While much of the focus has been on changes to negative gearing and franking credits, Labor's plan to increase capital gains tax by 50 per cent has gone largely under the radar. This is despite the fact Labor's CGT changes will raise more than $12bn, around two-thirds of what Labor is expecting to raise from its changes to negative gearing.

Again, Labor is walking away from more than two decades of bipartisan tax policy, with the current CGT arrangements introduced by the Howard government in 1999 with Labor's support. Until then, capital gains tax was levied on the asset cost base after deductions for inflation. In the parliamentary debate at the time, Labor members were enthusiastically in support of the Coalition's CGT changes, with current frontbencher Joel Fitzgibbon saying, “I give a tick to the measures of the 50 per cent reduction in CGT. I have no argument with that,” and Labor senator Joe Ludwig saying, “This should improve our overall international competitiveness.”

Now, however, in a desperate grab for revenue, Labor's attitude has changed. If Labor is successful in legislating a 50 per cent increase, it will see Australians subject to a capital gains tax rate that is higher than any comparable country. This includes the US, Britain, Canada, New Zealand, Japan, Germany, France, Ireland and South Africa.

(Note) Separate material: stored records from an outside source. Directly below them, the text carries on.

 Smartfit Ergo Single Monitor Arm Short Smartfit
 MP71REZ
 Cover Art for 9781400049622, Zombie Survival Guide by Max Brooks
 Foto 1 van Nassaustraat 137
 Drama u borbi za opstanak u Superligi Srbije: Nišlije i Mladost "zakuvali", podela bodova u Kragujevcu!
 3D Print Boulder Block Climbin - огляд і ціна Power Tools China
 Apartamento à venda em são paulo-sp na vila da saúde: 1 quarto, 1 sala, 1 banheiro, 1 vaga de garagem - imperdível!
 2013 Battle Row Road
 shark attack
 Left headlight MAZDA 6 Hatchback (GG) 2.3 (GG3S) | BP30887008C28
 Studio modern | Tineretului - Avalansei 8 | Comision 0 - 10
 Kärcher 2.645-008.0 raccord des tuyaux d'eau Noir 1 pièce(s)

The consequential and damaging impact on the economy from the CGT increase will be significant. The independent Centre for International Economics has estimated that the capital gains tax hike will lower GDP by $3.7bn a year; reduce real wages by 0.7 per cent, equivalent to about $600 a year for someone on average full-time earnings; reduce construction activity by more than 3000 dwellings a year, leading to higher rents; and damage state balance sheets with reduced GST distribution and property tax collections by about $1bn a year. This would put state governments, in the words of the CIE, under “severe pressure”.

The overall contraction in the economy that follows Labor's CGT changes also will have a negative impact on the federal government's coffers. The CIE report says that while CGT receipts may increase, there will be a fall of more than $2bn in other tax receipts as the economy slows. The net revenue increase therefore from the C GT changes may be less than $500m, a fraction of what Labor is counting on. This creates the invidious but not unprecedented scenario for Labor (think mining tax) where it commits to new spending on the assumption of a tax revenue windfall that never eventuates.

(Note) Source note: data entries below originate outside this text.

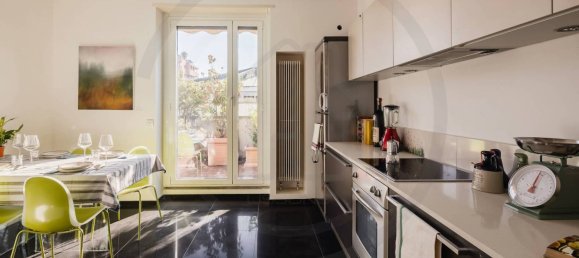 4 bedrooms Penthouse in Monza, Italy No. 365546 30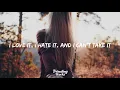 Louis Tomlinson - Back To You (Lyrics) ft. Bebe Rexha & Digital Farm Animals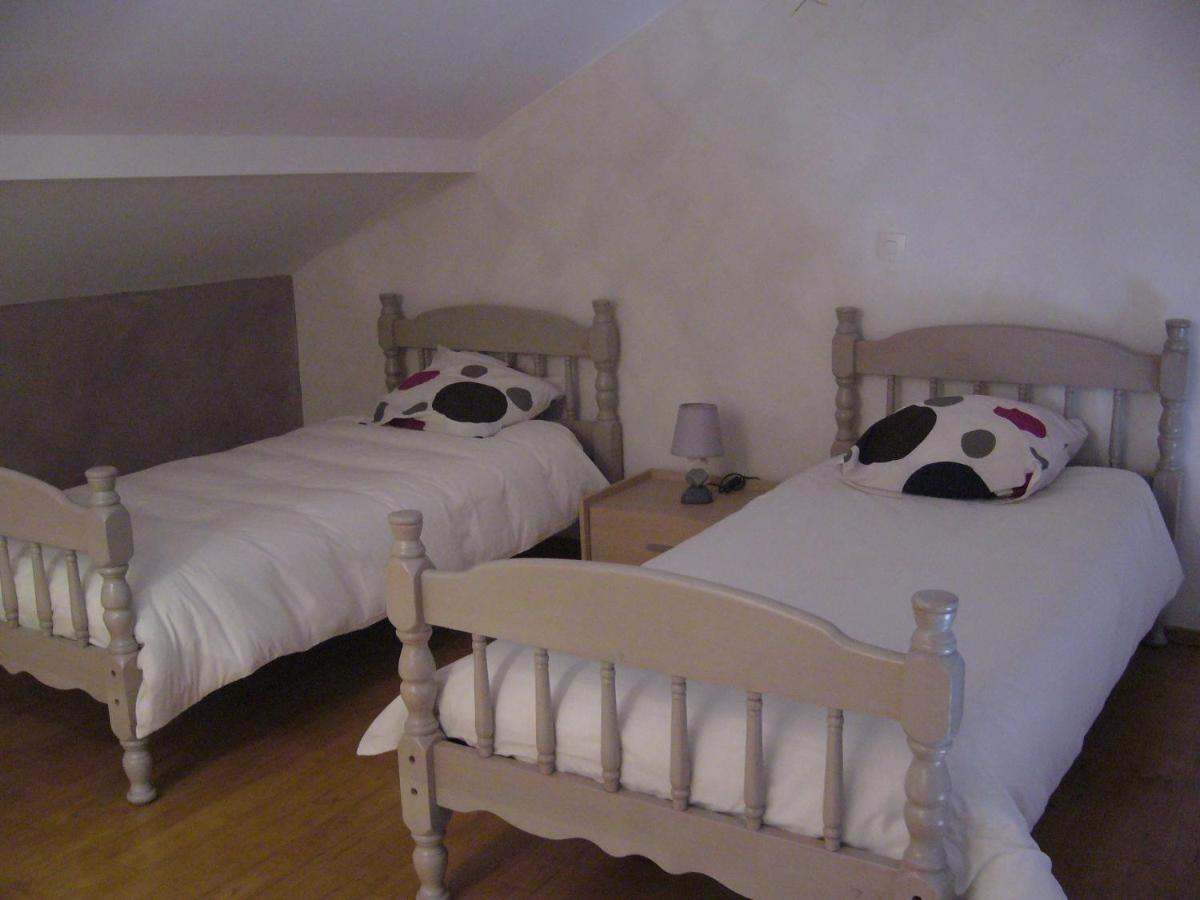 Le Jardin Ombragé - Housity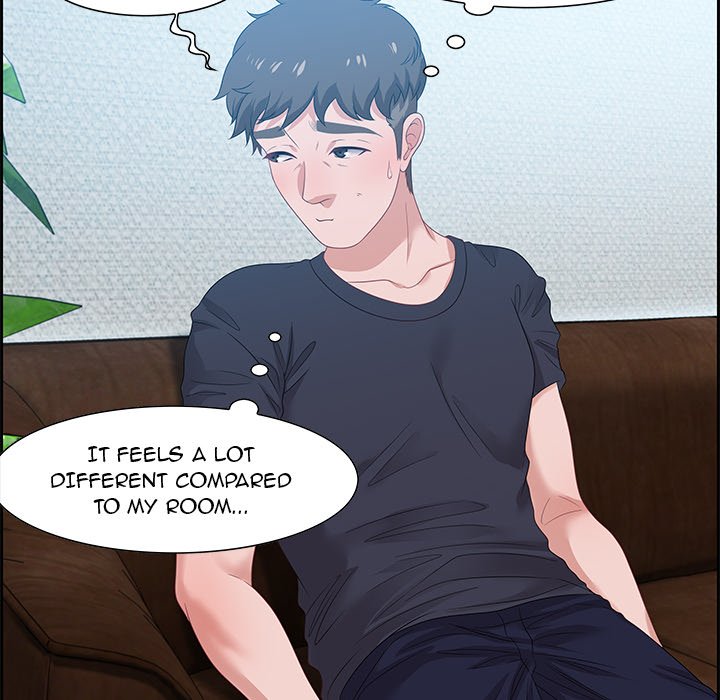 Tasty Chat 0km chapter 15 page 52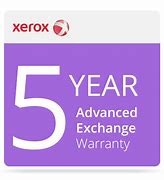 Image result for Xerox Check Warranty Status
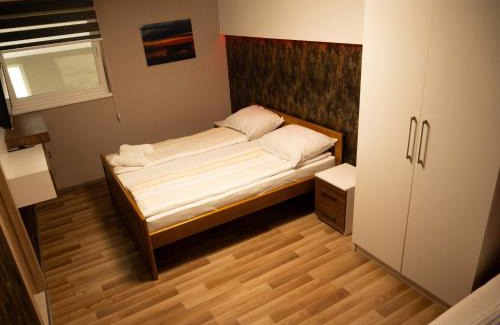Tuzla Canton Resort | Z-Complex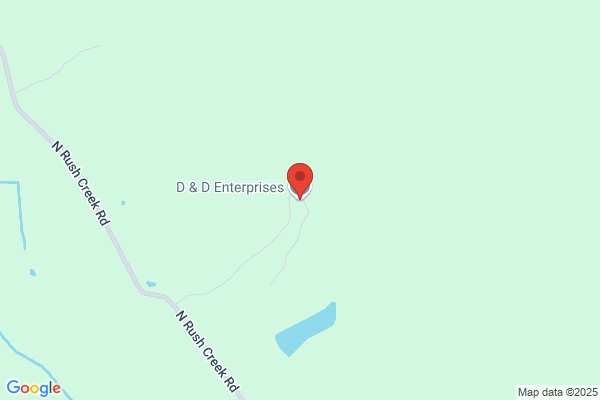 D & D Enterprises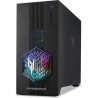 Acer | Predator | Orion 3000 | Desktop | Tower | Intel Core Ultra 5 | 225F | 16 GB | DDR5 | 512 GB | NVIDIA GeForce RTX 5060 | N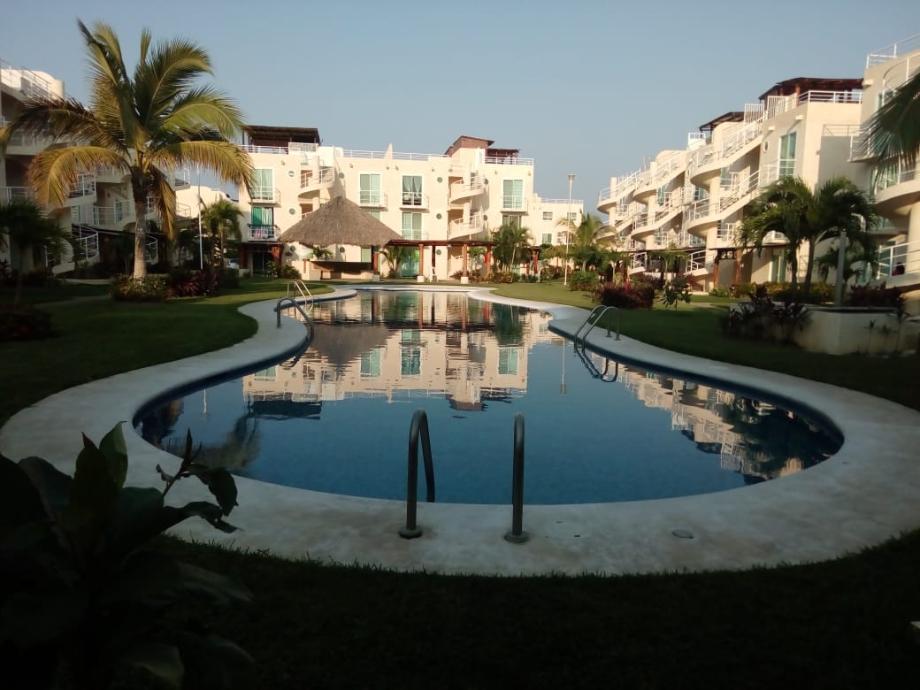 Imagen de departamento en renta en villas diamante i, acapulco de juárez, guerrero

Initially, Labor framed its justification for a capital gains tax increase around the issue of rising housing prices. However, three years later, the housing market is very different. Prices in capital cities have been falling, not rising.

Labor's initial justification no longer holds, yet it sticks to its policy. This is because, philosophically, Labor has abandoned the aspirational class. The would-be investor, who through their thriftiness and personal responsibility, saves for their own retirement is now a target for Labor.

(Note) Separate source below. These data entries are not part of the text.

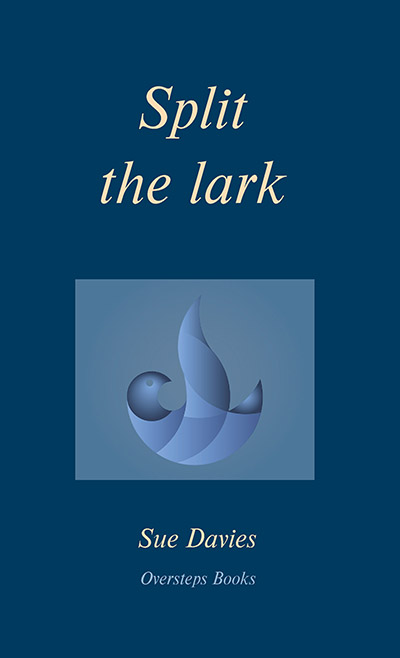 Split the Lark, cover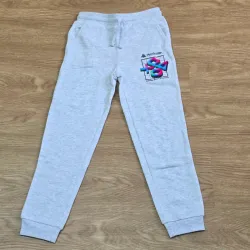 Jogger Play Station Gris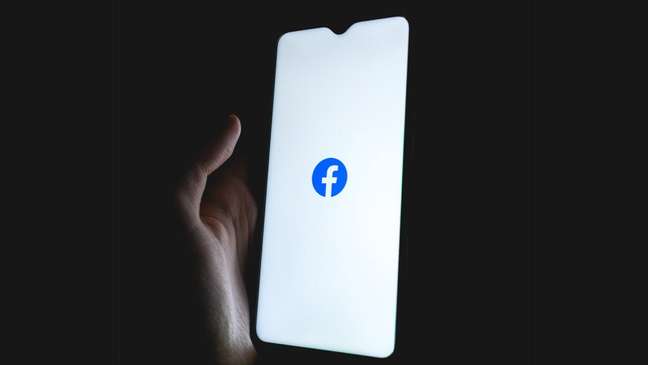 App do Facebook App do Facebook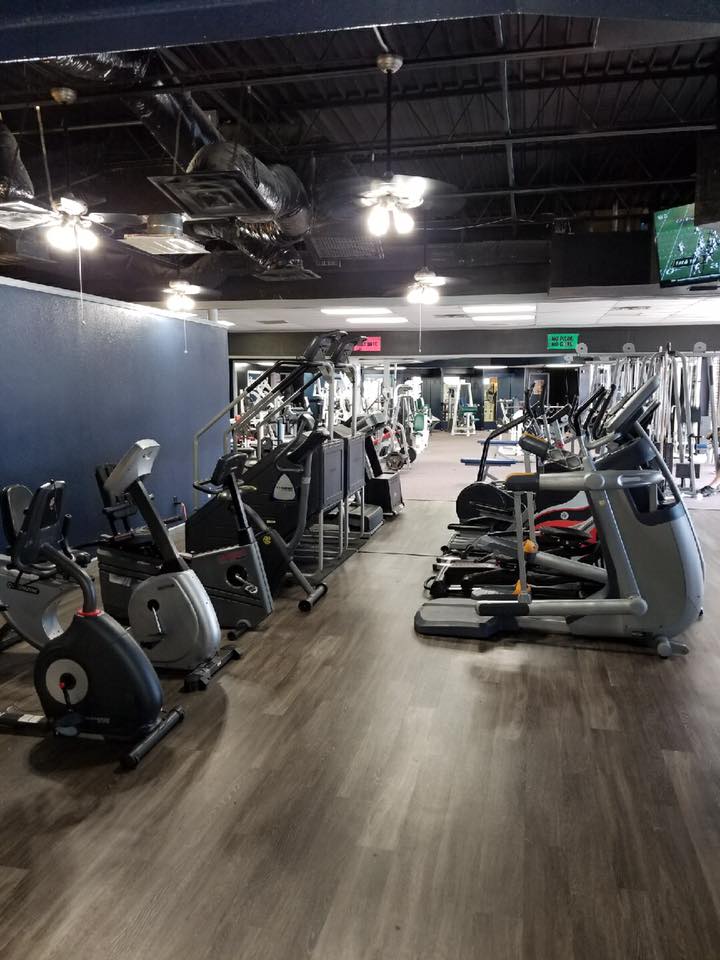  Pro Flex Gym - Fitness Center and Personal Training Longview Tx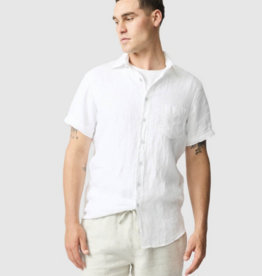 Rodd & Gunn Palm Beach SS SF Shirt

It was Paul Keating who not long ago said of Bill Shorten's Labor Party that “it has lost the ability to speak aspirationally to people and to fashion policies to meet those aspirations”.

Shorten believes it is only “the very wealthy” who are trying to “turn their income into capital”. But the reality is different. Tax data shows that in the 2015-16 year, nearly 900,000 individuals had a capital gain on their tax return. These are not necessarily high-income individuals. Just as the tax data on negative gearing showed two-thirds of the people using this concession had a taxable income of under $80,000 a year, so too with the capital gains tax discount there will be many teachers, nurses and emergency services personnel who are making modest investments to build their nest egg.

You have to look no further than Labor's national conference for evidence that the modern Labor Party is all about redistributing the pie and not growing it. Labor's focus is solely on the equality of outcomes in contrast to the Coalition, which is focused on equality of opportunity.

You have to wonder about the motivations of a shadow treasurer and Labor Party that believes a 50 per cent tax increase is an example of “perfectly designed and calibrated policy”. It reveals their unashamed determination to increase taxes regardless of the adverse effect it will have on investment, jobs and the economy.

Wealth creation for Labor is a dirty word, despite it being the means by which all Australians aspire to a better life. This is what the Coalition believes in and this will be at the heart of the contest at the next election.